Friday, October 07, 2011 / by Justin Hoffmann
According to information compiled by the Office of the Comptroller of the Currency (OCC), 88 percent of the nearly 33 million first-lien mortgages in the subject portfolio were current and performing at the end of the second quarter, down from 88.6 percent at the end of the first quarter, but up from 87.3 percent a year earlier.
The decline in portfolio quality is mainly attributable to an increase in early stage delinquencies. Mortgages 30-to-59 days delinquent increased 0.4 percent from the previous quarter to represent 3 percent of the servicing portfolio.
The OCC says the increase in early stage delinquencies reflects seasonal effects as well as a sluggish economy and elevated unemployment.
The percentage of mortgages that were 60 or more days past due and delinquent mortgages to bankrupt borrowers increased slightly to 4.9 percent of the portfolio from 4.8 percent in the first quarter of 2011, after decreasing during each of the previous five quarters.
Completed foreclosures increased for the second consecutive quarter to 121,202 up 1.2 percent from theprevious quarter and over 27 percent from the fourth quarter of 2010 following the lifting of foreclosure moratoria.
The OCC says this stat is expected to increase in future quarters as stalled foreclosures work their way through the system.
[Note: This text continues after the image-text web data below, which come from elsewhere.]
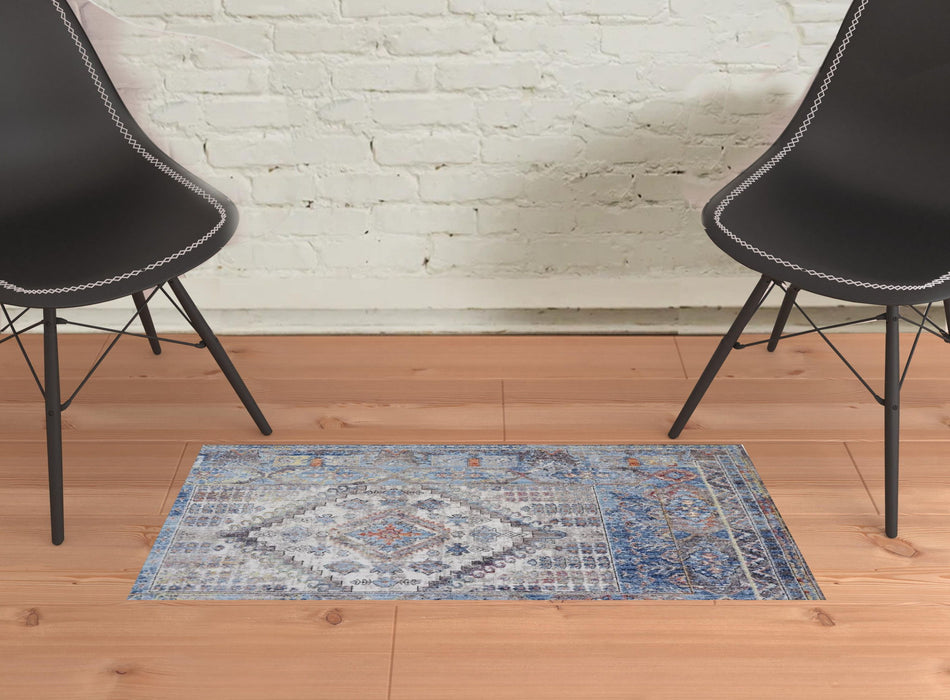 Floral Stain Resistant Area Rug - Blue Gray And Ivory - 2' X 3'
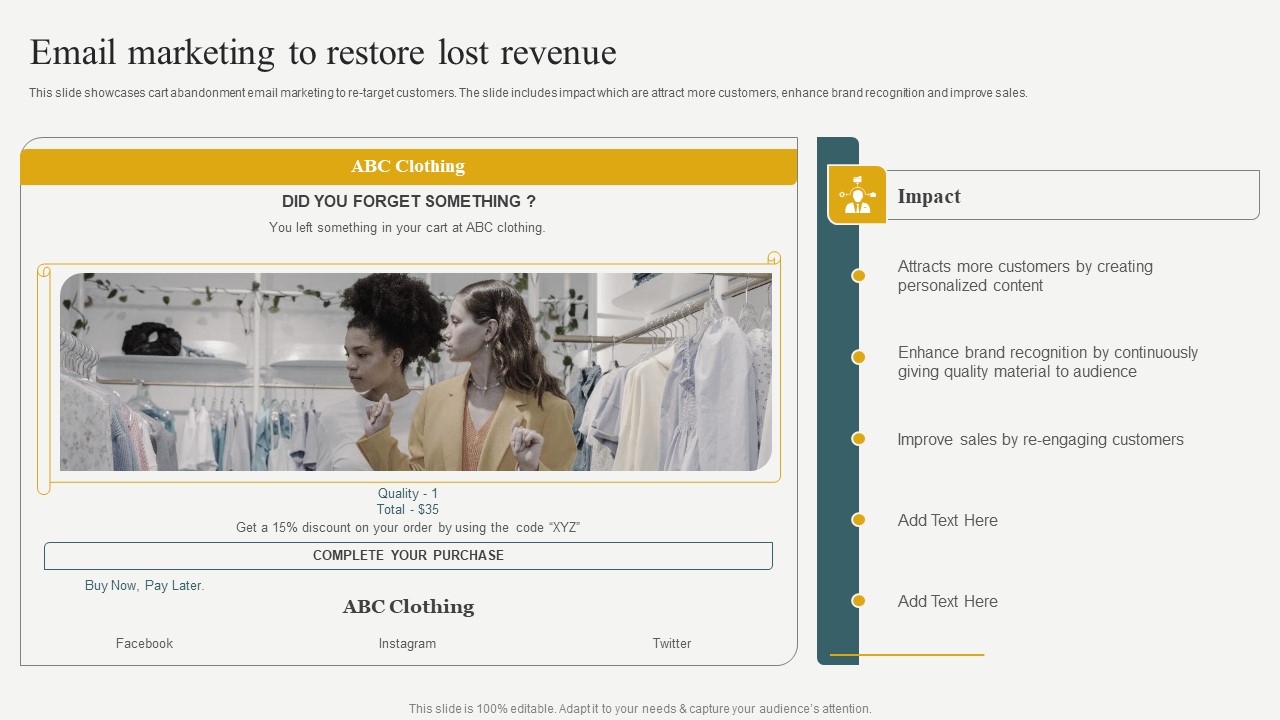 Evaluating Financial Position Of E Commerce Company Email Marketing To Restore Lost Revenue Information PDF
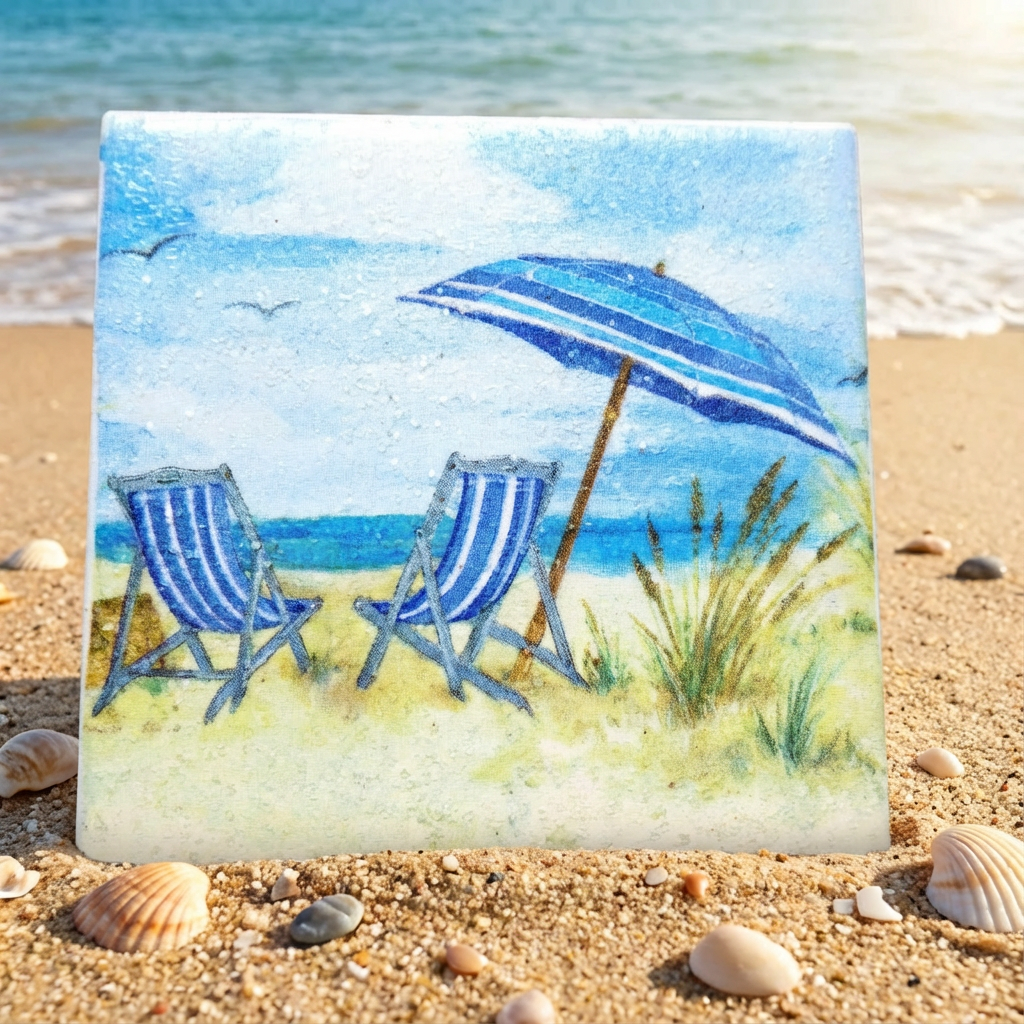 Day at the Beach Ceramic Tile Coasters (Set of 4)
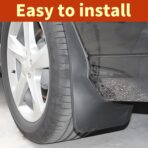 2 Pcs Mud Flaps Splash Guards Mudguards Mudflaps with Hardware Kits Accessories,8.27 Inches X 12.6inches Tire Rear Trim,Universal for Most Cars, Suvs (Black) - Image 6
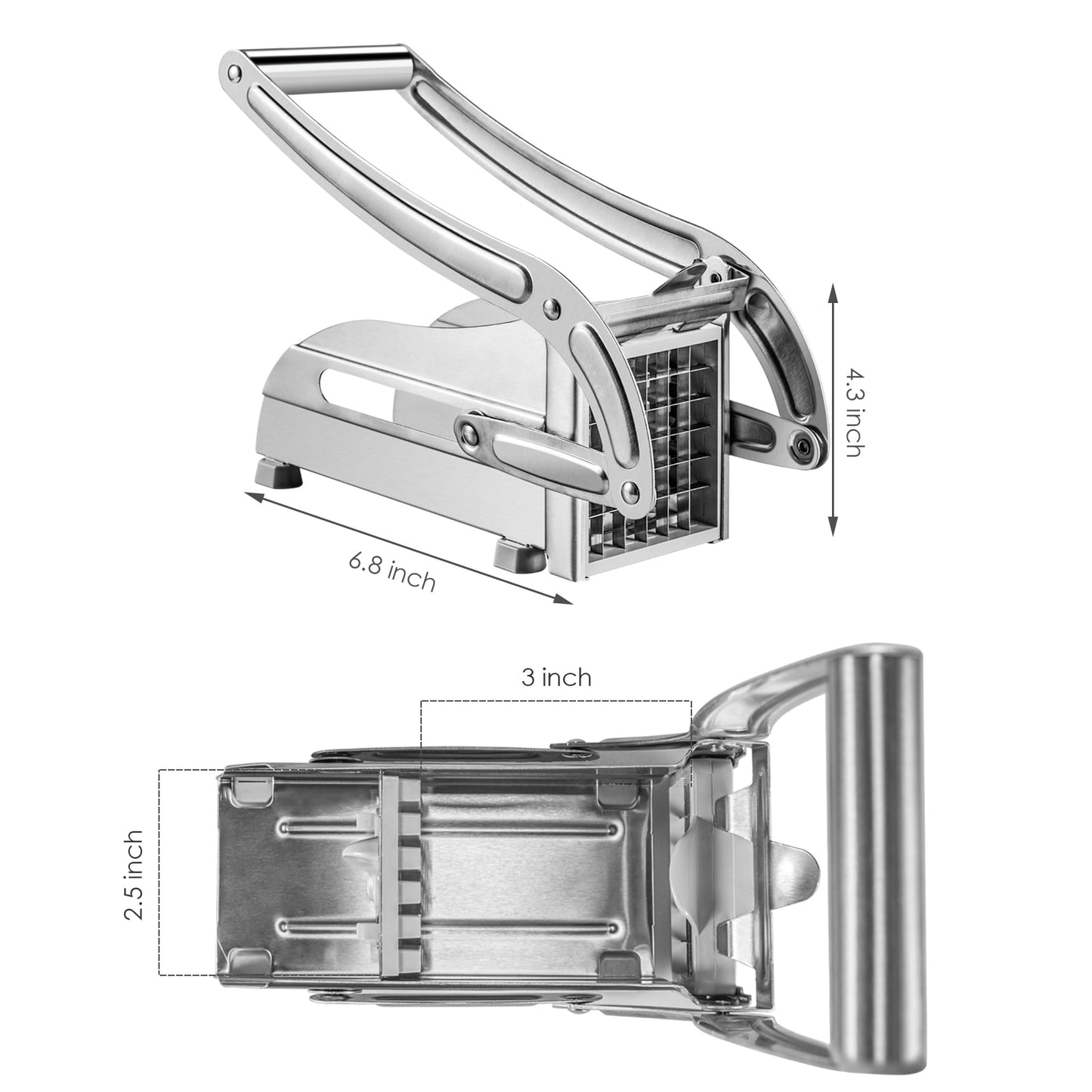JahyShow French Fry Cutter Stainless Steel Potato Slicer, Food Grade Potato Cutter with No-Slip Base & 2 Blades for Potato Vegetable Radish Cucumber Onion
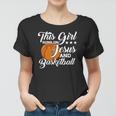 Womens This Girl Runs On Jesus And Basketball Christian Gift Women T-shirt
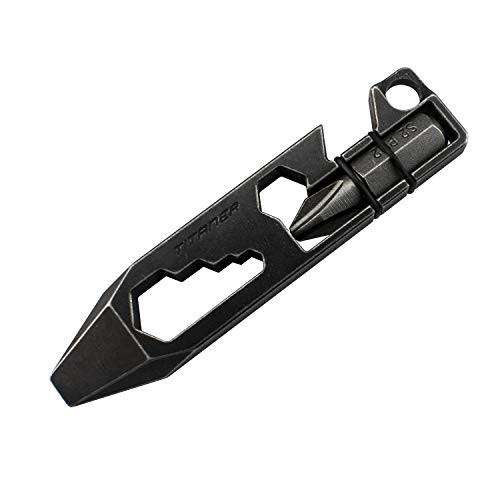 Titaner Titanium Multitool Pry Bar Bottle Opener Screwdriver Wrench Tool EDC Gear Keychain Tools Black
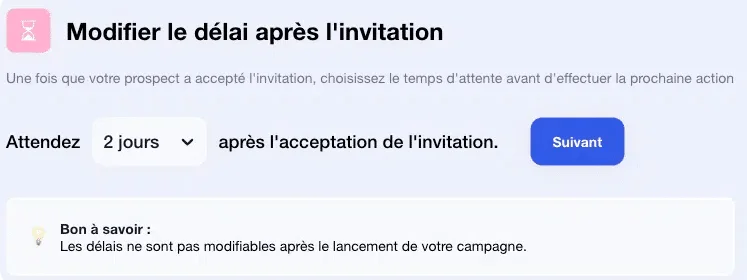 Délai invitation Waalaxy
Newly initiated foreclosures, however, have declined for three straight quarters. Foreclosure starts decreased by 8 percent to 287,145 over the April-to-June timeframe and are down nearly 2 percent from a year earlier.
The regulators data show that there were 1,319,902 mortgages in the process of foreclosure at the end of the second quarter 4.0 percent of the subject portfolio.
The OCC stressed that mortgage servicers continue to seek alternatives to foreclosure for delinquent borrowers.
A total of 56,403 new short sales were reported during the second quarter period, up more than 12 percent from the previous quarter. New deed-in-lieu actions nearly doubled to 2,546.
Over the same period, servicers implemented 456,397 home retention actions, including loan modifications, trial-period plans, and payment plans.
Although modifications under the Home Affordable Modification Program (HAMP) increased by 31.6 percent during the quarter, other home retention actions declined, causing an overall decrease of 18.1 percent in new modification actions from the previous quarter.
On average, modifications during the second quarter reduced borrowers monthly payments by $393, or 25.1 percent. HAMP modifications reduced payments by an average of $577, or 35.9 percent.
Perhaps the most troubling result in the report is post-modification performance. Of loans modified since the beginning of 2008, nearly half 48.7 percent have since gone delinquent.
The OCCs mortgage performance report covers about 63 percent of all first-lien mortgages in the United States, worth $5.7 trillion in outstanding balances.